President Obama’s former Middle East envoy said Tuesday that the United States should have vetoed the United Nations Security Council resolution condemning Israeli settlements on occupied Palestinian land rather than abstaining from the vote and letting it pass.
George Mitchell told MSNBC that while Obama’s policy is sound, he should have deferred the issue of Jewish settlements in the West Bank to the next president, the Daily Mail reports.
“I do think, if I might make a few other points on this issue, that President Obama would have been wise to veto this resolution,” George Mitchell said in an interview on MSNBC. “Not because of the policy implications but because of the timing and the circumstance that it leads to with respect to trying to get the parties together.”
Mitchell said Obama should have postponed the vote if possible, and if not, vetoed it.
He did, however, defend Obama’s decision to side with the Palestinians, saying that every administration in recent history has condemned Israeli settlement building.
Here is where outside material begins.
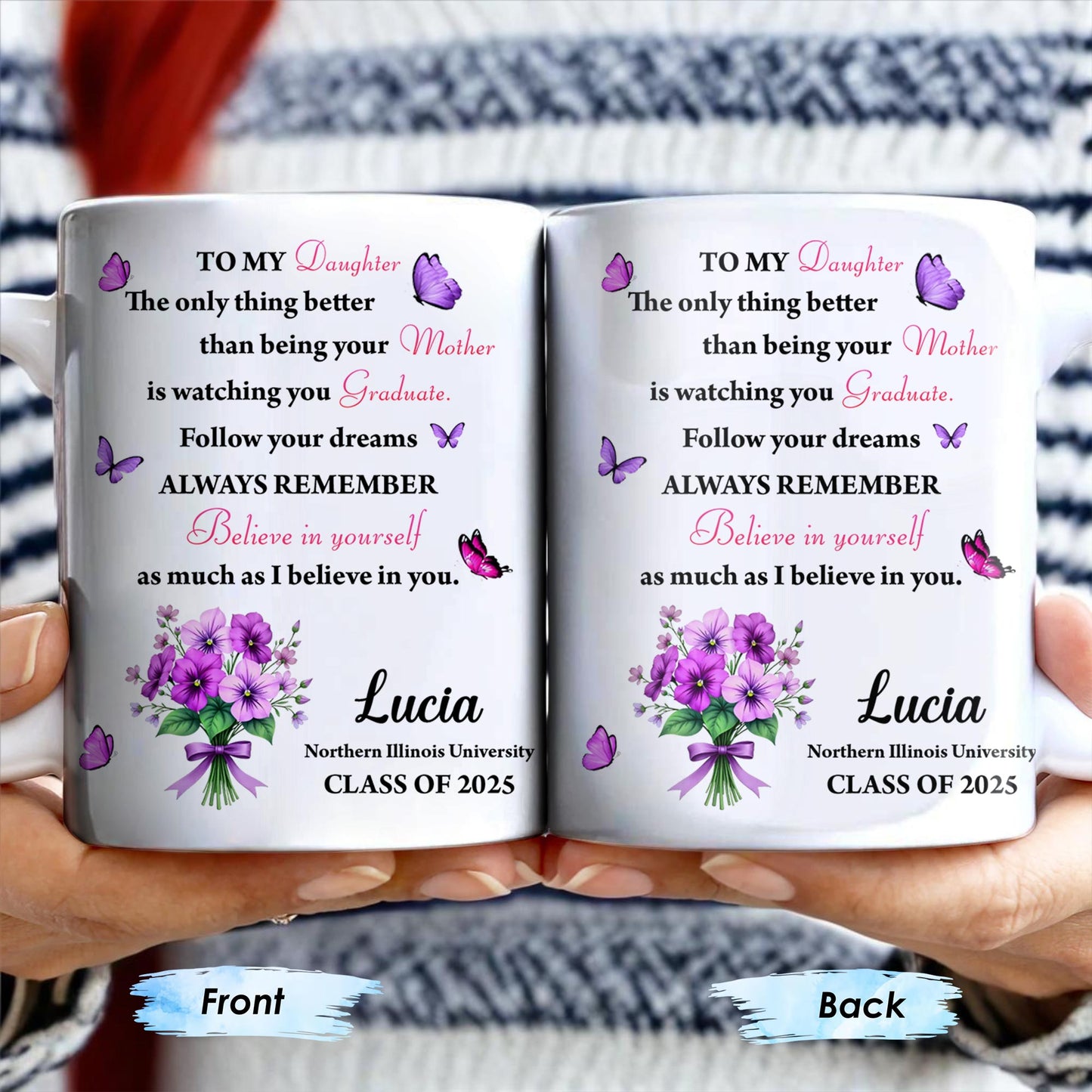 To My Daughter, The Only Thing Better Than Being Your Mother, Butterflies and Flowers - Personalized Custom Coffee Mug - GRAD296_MG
“Every American president, since the beginning of settlements 50 years ago, from Johnson and Nixon, down through Bush and Obama, has opposed Israel’s policy on settlements,” he said.
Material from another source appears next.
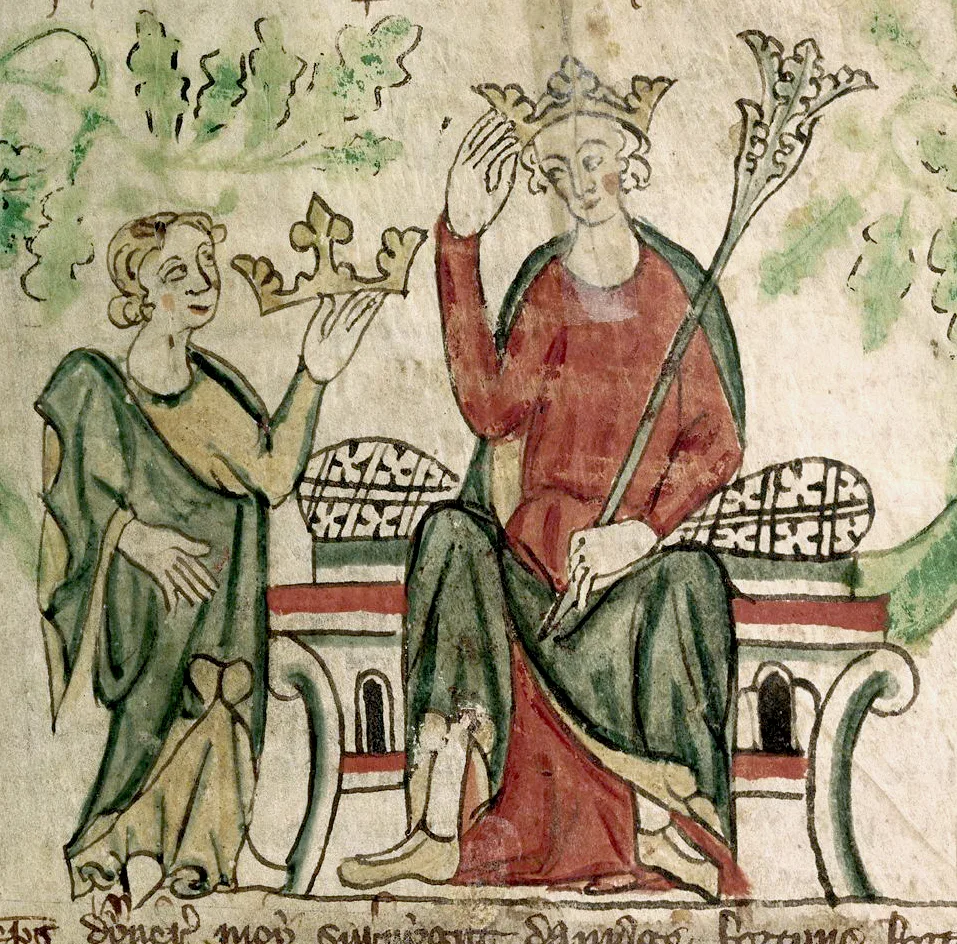 A medieval illuminated manuscript detail showing Edward II of England seated and receiving his crown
Mitchell claimed that statements made in the news media that Obama failed to “protect Israel” are “completely false.”
“So I think much is being made of it that is false,” Mitchell said, “but it would have been wise, I think, to defer this if possible and, if not, to veto it.”
Secretary of State John Kerry defended Obama’s decision Wednesday, saying that the U.S. did not oppose the resolution because it would not be expected for any nation “to vote against its own policies.”
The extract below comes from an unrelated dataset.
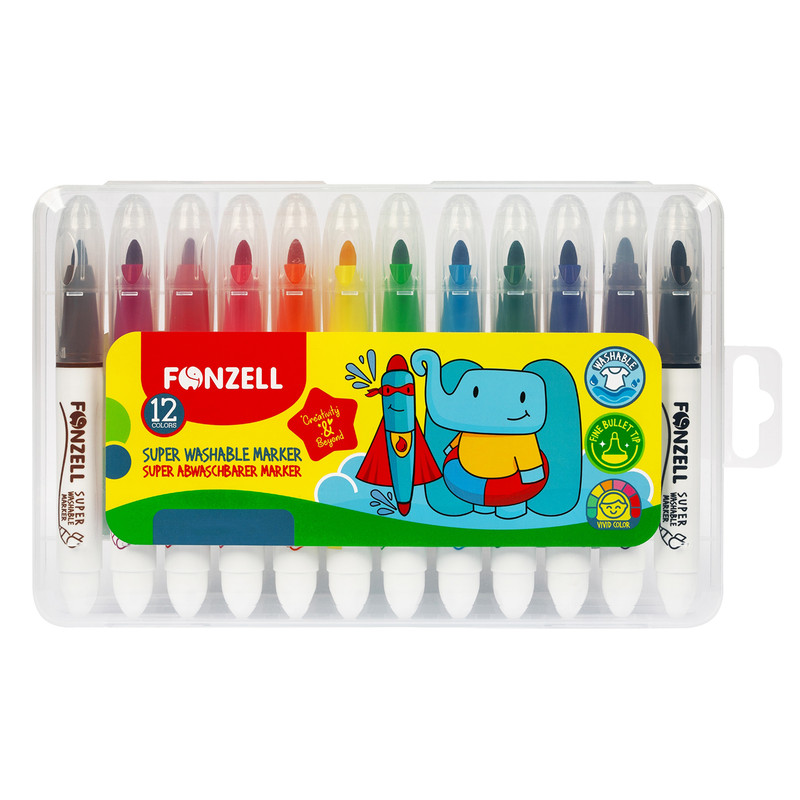 ماژیک 12 رنگ قابل شستشو فونزل آلمان(super washable)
Israeli Prime Minister Benjamin Netanyahu has already accused the Obama administration of abandoning the veto and orchestrating the UN resolution declaring Israeli settlements in Palestinian territory a criminal act.
“From the information that we have, we have no doubt that the Obama administration initiated it, stood behind it, coordinated on the wording and demanded that it be passed,” he said to ambassadors from 10 of the countries who voted for the resolution, according to NPR.